A veces me miro al espejo y me pregunto muy serio: “¿Te has aclarado ya, alma de cántaro?”. Quiero decir en lo de ser de izquierdas o de derechas, que por lo visto es importante saberlo y posicionarse. ¡Y yo que sé! Si ser de izquierdas es odiar a Santiago Abascal o Isabel Ayuso, pues no lo soy. Sinceramente, no sé qué es el odio y creo que nunca voy a odiar a nadie porque me lo pidan o traten de imponérmelo. Tiene usted que odiar a Espinosa de los Monteros, al menos por ser de origen campesino, humilde. Hágalo por su padre, que fue jornalero. En serio, me dejan a veces mensajes con los que me quedo turulato porque llevo mal eso de que me digan qué tengo que ser.
Un día de hace muchos años un socialista sevillano muy flamenco me dijo que si me hacía del partido me colocaría en la Junta. No necesitaba el enchufe porque trabajaba en Alboaire y ganaba el doble que un encargado de obras. Ahora, me partía el lomo abriendo calicatas en las calles de Sevilla a las cuatro de la tarde y con cuarenta grados a la sombra. Entonces, con 18 años, era comunista, sin saber en realidad qué era el comunismo. Adoraba a La Pasionaria como adoraba a la Niña de los Peines o Rogelio, el mago del Betis, el de la pata de caoba.

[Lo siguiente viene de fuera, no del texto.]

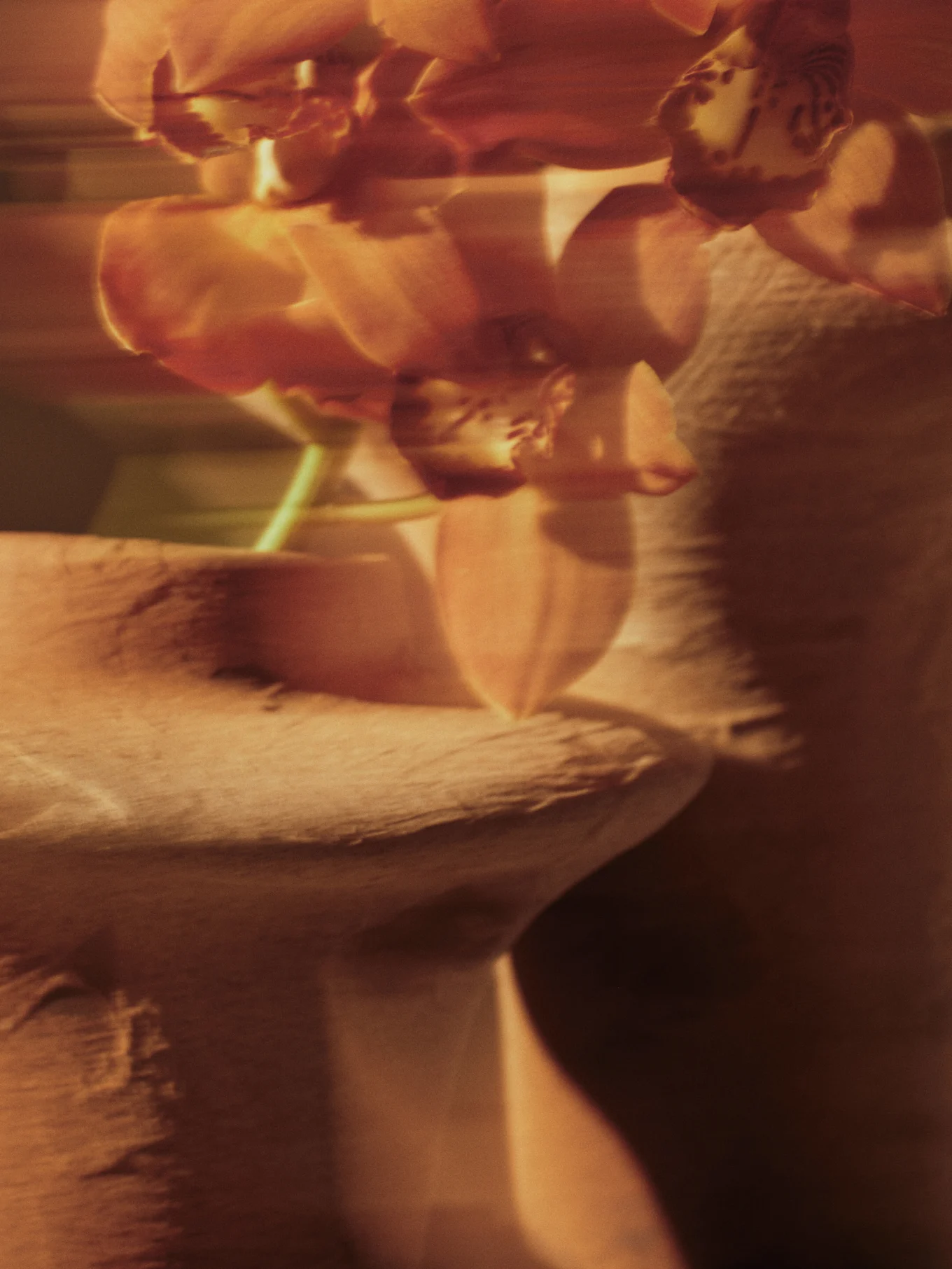 Sløret billede af orangerøde orkideer med blød fokus mod en tekstureret baggrund.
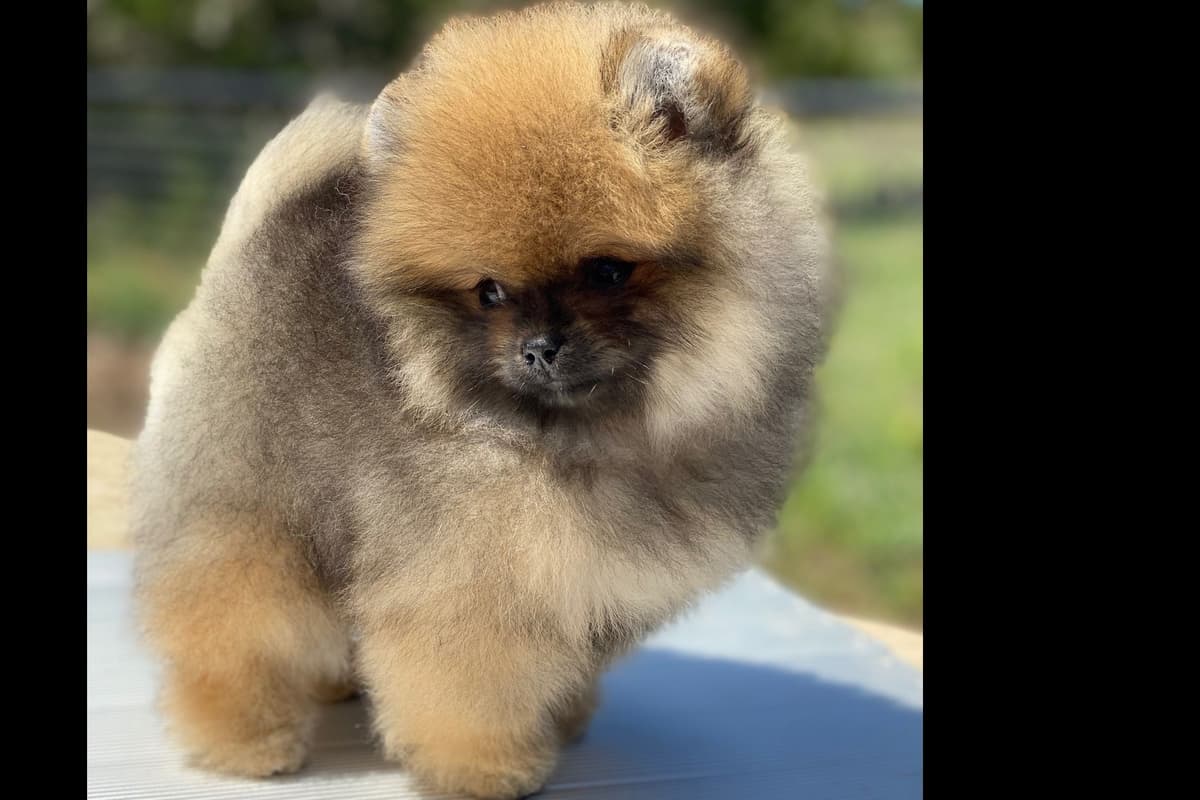 Pomeranians breeder image 9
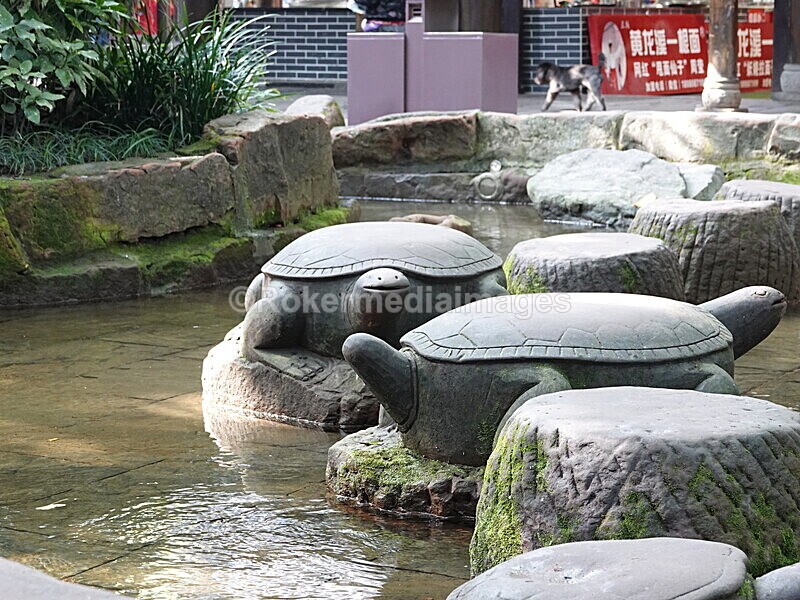 CHINA__0216 - China 2019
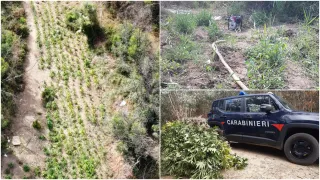 Scoperta e distrutta piantagione di marijuana con oltre 500 piantine
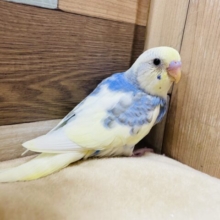 ちょっぴり恥ずかしいんです！セキセイインコパステルレインボーパイド☆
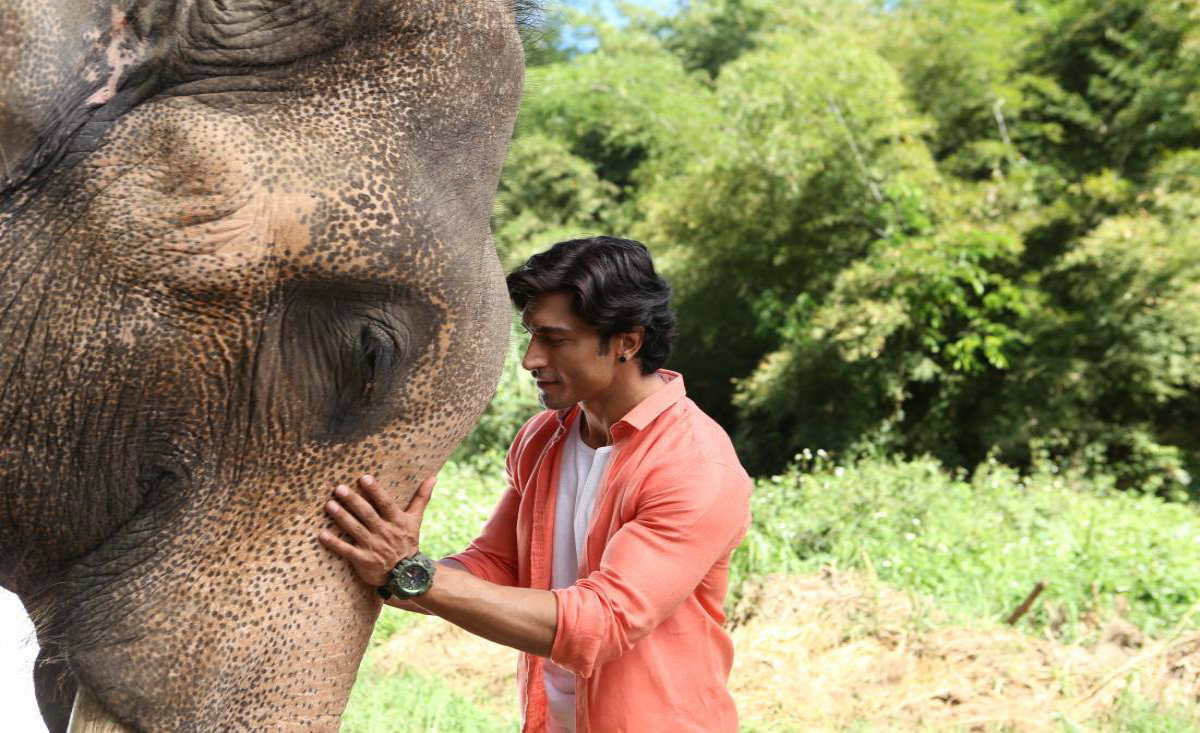 Vidyut Jammwal Pulls Off High Risk Action For Junglee!
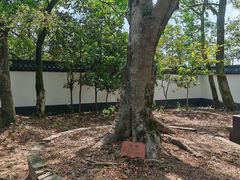 -上海佘山国家森林公园天马山园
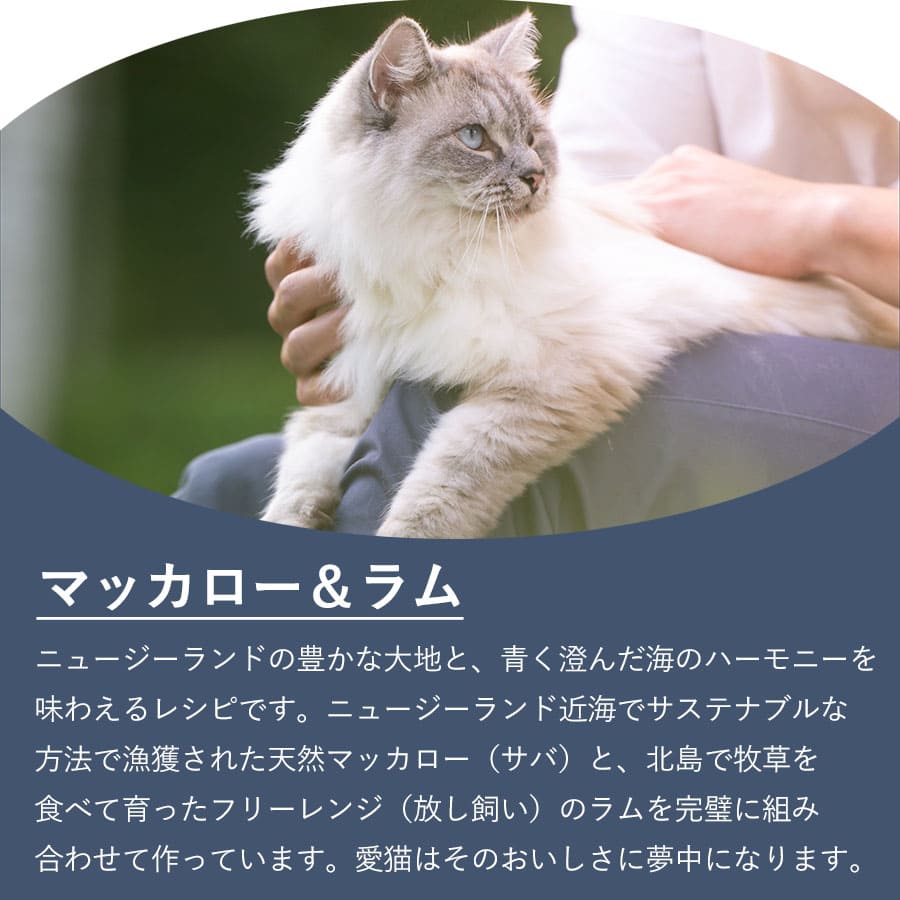 ジウィピーク キャット缶 マッカロー&ラム | ジウィピーク キャット缶 キャットフード ZiwiPeak 猫 ziwi ziwipeak マッカロー&ラム ウェットフード ジウィ 猫用 ZIWI グレインフリー 穀物不使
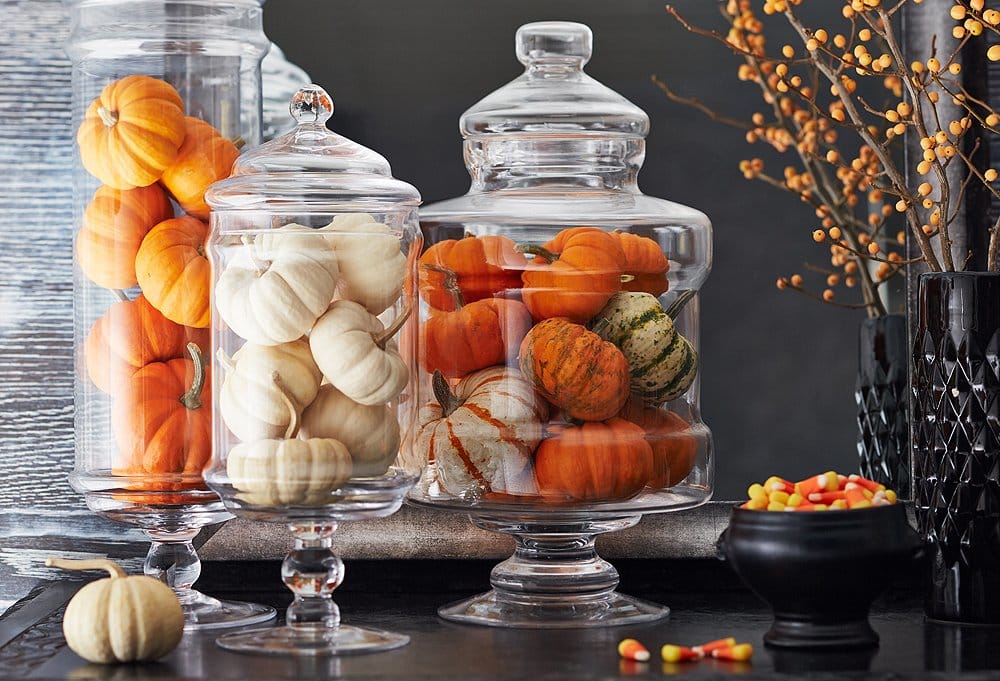 Halloween decor, three glass jars filled with tiny, coloured pumpkins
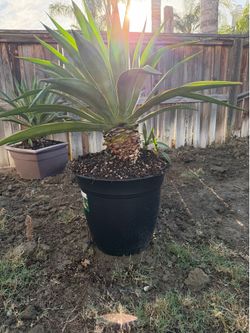 Agave desmettiana 'Variegata' (Variegated Smooth Agave)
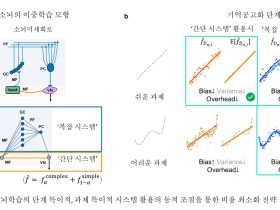 AI 이론으로 뇌의 기억 저장 방식 ‘규명’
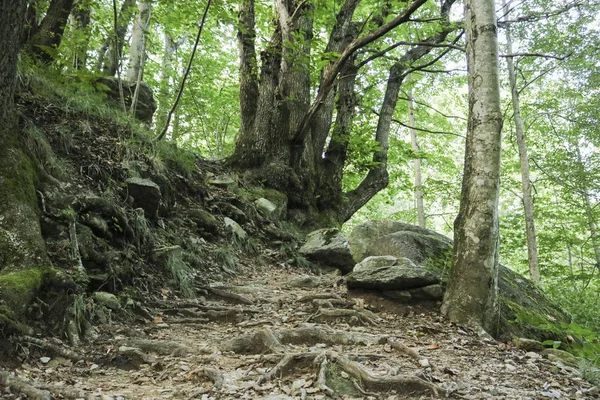 Sendero Las Maravillas Cantón Ticino — Foto de Stock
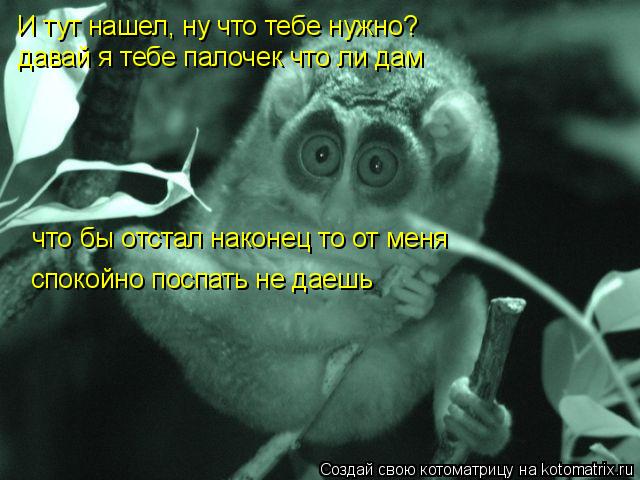 И тут нашел, ну что тебе нужно? давай я тебе палочек что ли дам что бы отстал наконец то от меня сп... Котоматрица: И тут нашел, ну что тебе нужно? давай я тебе палочек что ли дам что бы отстал наконец то от меня спокойно поспать не даешь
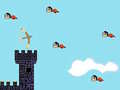 Laro Bird Hunter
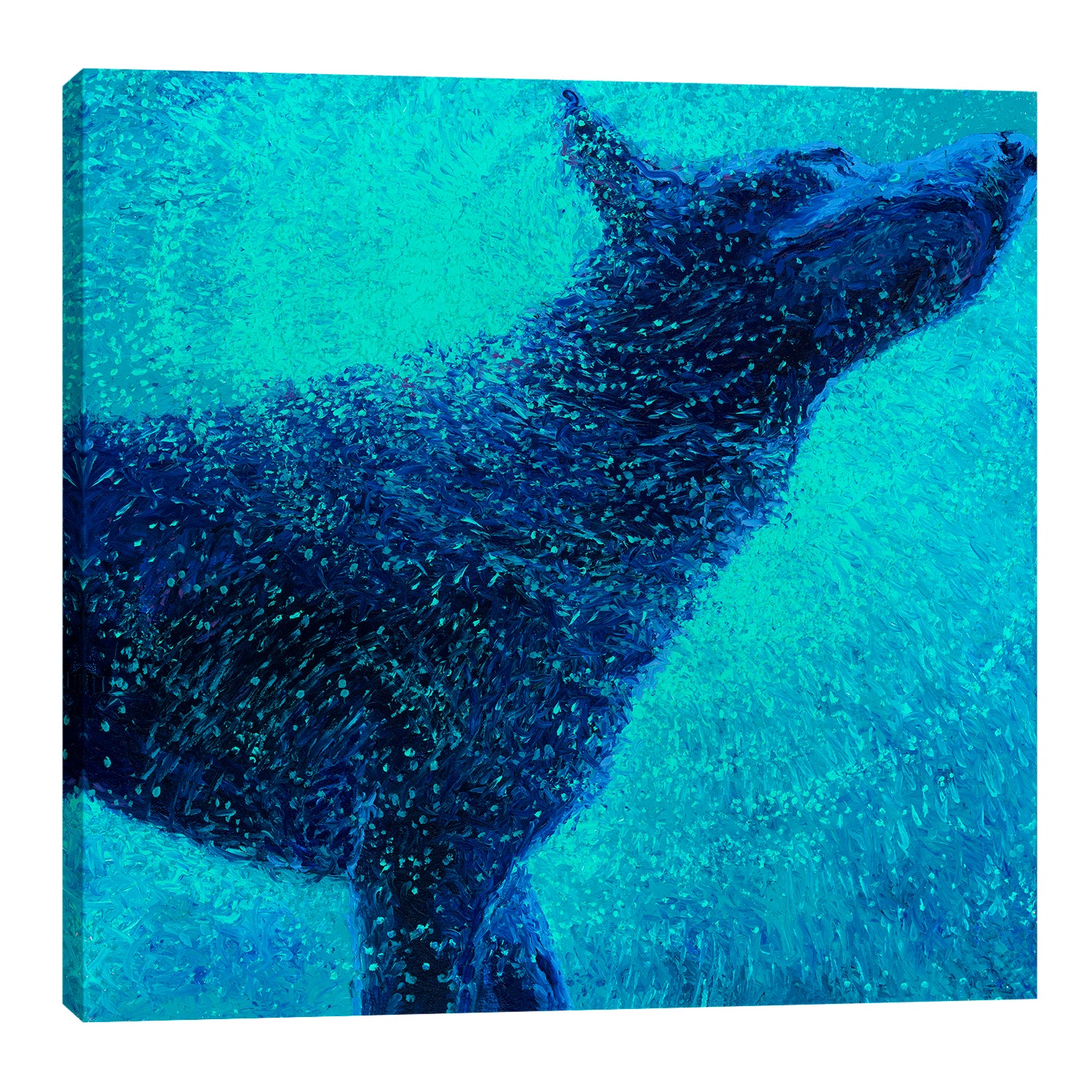 Iris-Scott,Modern & Contemporary,Animals,animals,animal,dogs,dog,wagging,shaking,water drops,blue,splatter,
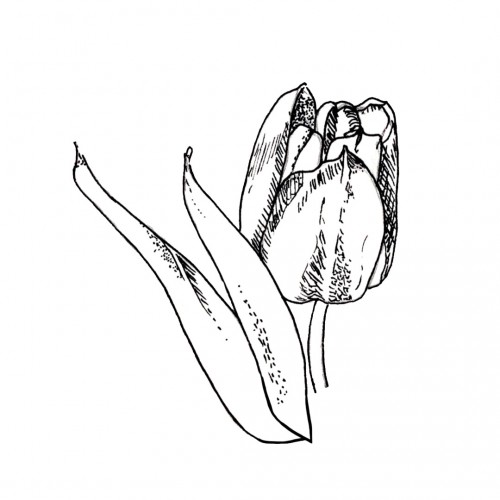 Tulip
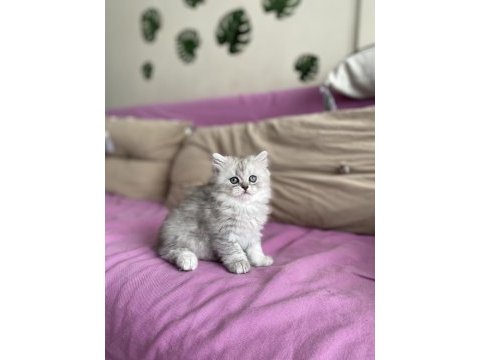 2 aylık erkek british longhair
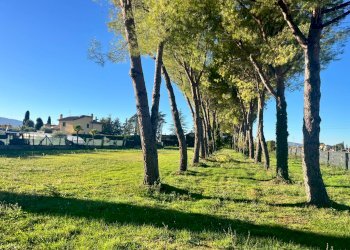 Foto 5 - Terreno edificabile Spoleto - foto 5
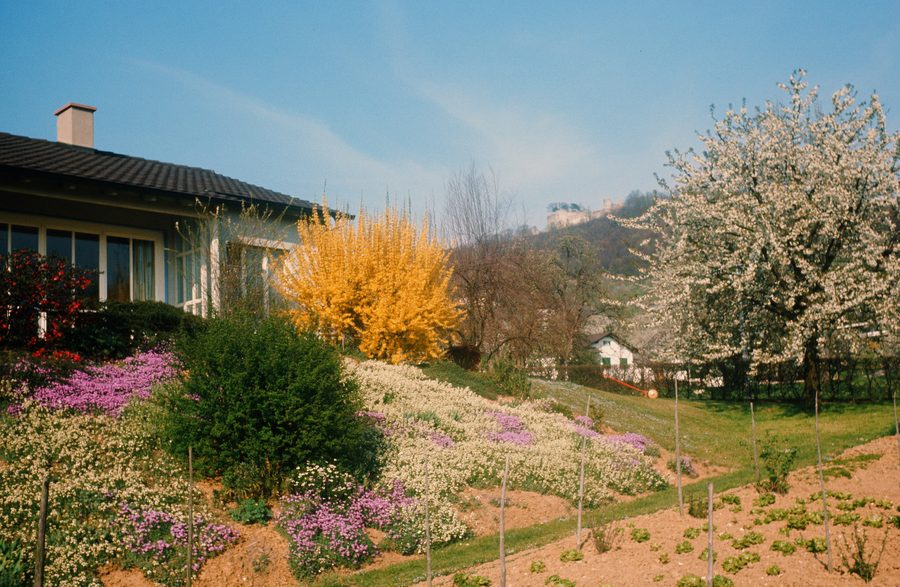 View toward Dorneck Castle Ruins in Dornach over flowering plants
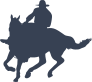 Skillful Cowboy Riding A Horse Sticker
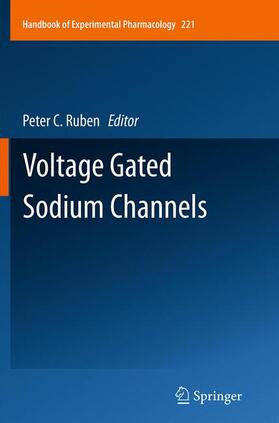 Ruben | Voltage Gated Sodium Channels | Buch | sack.de
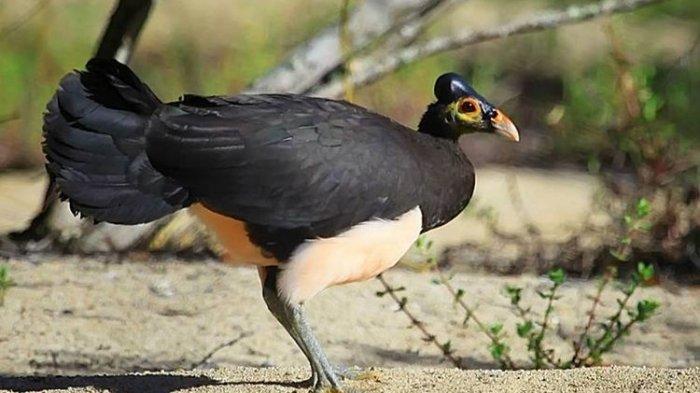 Burung maleo (Macrocephalon maleo) di kawasan konservasi Gorontalo
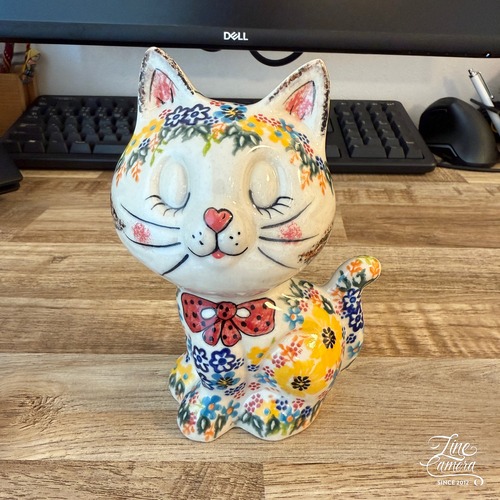 顔でか猫ちゃん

Le dije una tarde a mi abuelo Manuel Casado Peña: “Popá Manué, soy comunista”. Pensaba que se iba a quitar la correa y que me iba a brear, pero no. Solo me dijo: “Tú lo que eres es más tonto que un búcaro”. Me miré en el espejo y sí, el azogue también me dijo que era un pringado. Total, que un día decidí que no quería saber nada de la política. Cuarenta y cinco años después, sigo sin pertenecer a nadie, a ningún partido. Es que, si ahora quisiera militar en alguno, no sabría en cuál porque no me gusta ninguno. Y si preguntara en las redes sociales a cuál me afiliaba, aparecerían todos. Hasta Vox.
A ver, espejito, ¿qué tal si pruebo en Vox? “¡Tonto, más que tonto! ¡Que eres tonto del tó!”. Me repudiarían hasta mis hermanos y primos hermanos, los del pueblo. Un día tomé café en el Casino y al salir, uno de Arahal me preguntó: “¿Ahora tomas café con los fascistas?”. ¡Tenía 20 años, por Dios! Otro día, el padre de una novia de Sevilla, de Su Eminencia, me llamó y me dijo: “Mira, muchacho. Mi niña no se va a casar nunca con un comunista de tres al cuarto, que lo sepas”. Me lo dijo con cara de Rafael Hernando.
La política, pues, ha marcado mi vida y en la actualidad solo me apetece darles caña a todos sin pensar para nada en Mercadona o la nevera. En realidad me importa un bledo quién mande en España. Y al espejo, sinceramente, también. Quiero decir al mío.